You Selfish Bastard!
So I've been called, but am I? I rarely give of my time (or money...not that I have any to spare) in the service of others, when asked. And I surely don't give of myself unsolicited. And any self-less deed is anything but. Although I may not request it, I [expect] some show of appreciation or, at the very least, an acknowledgment of the act. So I guess, I am.
So, what goes into the making of a "selfish bastard"? Back when I was a kid, a set of unavoidable circumstances left me, (on [five] separate occasions), without parental supervision. On each of those five occasions, I was shuffled from one relative to another, each accepting the responsibility with much reluctance. So, from a very young age, I learned to appreciate the concept, "Help yourself, but don't take too much", and just as in Billie's chant, I realized the importance of having one's own, and not having to rely on the "kindness of strangers".

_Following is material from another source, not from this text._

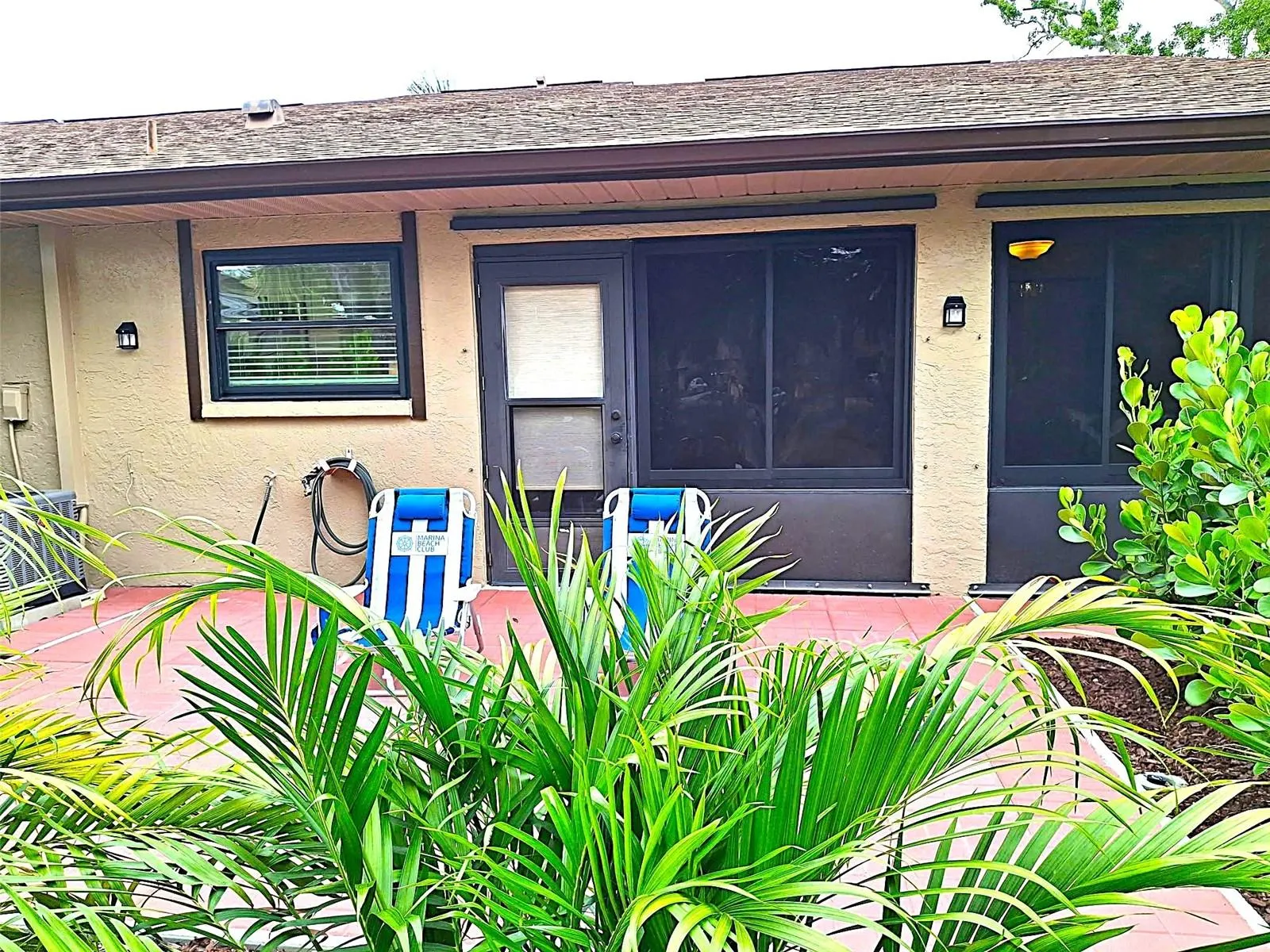 9684 LAKE SEMINOLE DR E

I learned to be self-sufficient, and self-reliant ...almost to the point of being anti-social. I abhor obligation, be it financial or social. I'm selfish enough to want to do what I want to do, when I want to do it, and not have to do what I don't want. And since I make it a point to "not" owe anybody anything, I don't have to do anything I don't want. Even in my circle of friend, I make an effort to keep the "inter-dependency" to a minimum.

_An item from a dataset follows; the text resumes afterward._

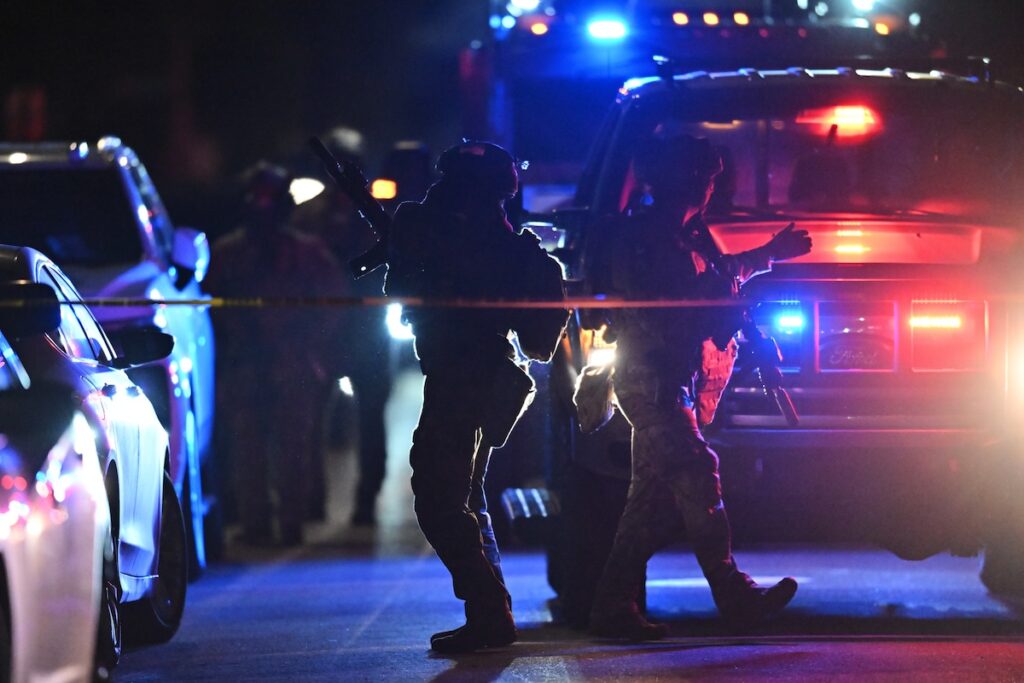 Fermato un uomo dopo aver sparato vicino all'evento dei corrispondenti a Washington con Trump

So do I even care when I hear about victims of some catastrophe? Is my first response to see what I can do to help? Yes, I care, just as I care about the misfortunes of any living being, but if it doesn't directly affect me, I tend not to get involved. That's another hard lesson that life has taught. "If it's none of your business, then it's none of your business!"
This all may seem rather "cold", and there are times when my conscience urges me into some "selfless" deed. But then I get slapped in the face with the reality of, "Who asked for your help, anyway!", or "Mind your own damn business!", or, and this one really stung, "Do I know you? ... Then, why are you talkin' to me?".
There's a certain truth to the adage, "No good deed goes unpunished'. I was [once] a person who'd stop and pick up [for you] that item you dropped, or go waaay out of my way to return the found wallet, or accept that package [for you] from UPS, thinking it would eliminate the inconvenience of having it redelivered, or put that something extra into the "favor" you asked, hoping only that you'd express appreciation for the effort. I always ended up angry and disillusioned, but could blame only myself for having ignored the "lesson".
To avoid further disappointment, I keep my expectations low. Truth be told, all I want is...
consideration [of the fact that you're not on this planet by yourself],
The world has become a crowded place and it's necessary that we all make an attempt to live in harmony. But, when the overflow from your life becomes unreasonable and impinges on my right to not have to deal with it, I will bring it to your attention ...and take whatever steps necessary to correct the problem.
respect [for my rights as a fellow human being],
External approval or validation of me or anything about me is not required. I don't give a damn about your "tolerance"; you're entitled to feel any way you want. However, any attempt, be it intentional or not, to deprive me of that to which I'm entitled, or hinder my living my life in my own way will be met with utmost and all necessary opposition.
and perhaps a friendly smile.
A pleasant exchange is always preferable, but not required. What is required is civility. If you've got a bug up your ass about something that doesn't concern me, don't lay it on me. In such cases, I can usually dismiss it as being "nothing personal", but if you catch me on a day when I've "had enough", you just might be the recipient of a response which, I've been told, can be unnerving, and quite unpleasant.
This all may paint a picture of a bitter curmudgeon, but not so. I still have a kind heart. I still look for and see the beauty in the world. I still believe in the [potential] for good in people. I've never, ever been mean or cruel -- hurtful perhaps in my reaction to some wrong done to me, or unintentionally hurtful in some remark or action, the effect of which I was unaware -- but never cruel for the sake of being cruel. And, I respect all life ...except for cockroaches; I hate cockroaches.
I don't use more than I need, and in any event, I never take more than I'm entitled to. I cringe at the excesses that some people call "living well", and I bemoan the plight of those for whom mere survival is a major endeavor. I don't like the direction in which the world is going, but since I can't ...or choose not to... alter that path, I simply do my best to not compound the problem [as I see it].
And above all, I remember to laugh as often as I can.
Quote of the Week: "He who will not reason is a bigot. He who cannot reason is a fool. He who dares not reason is a slave."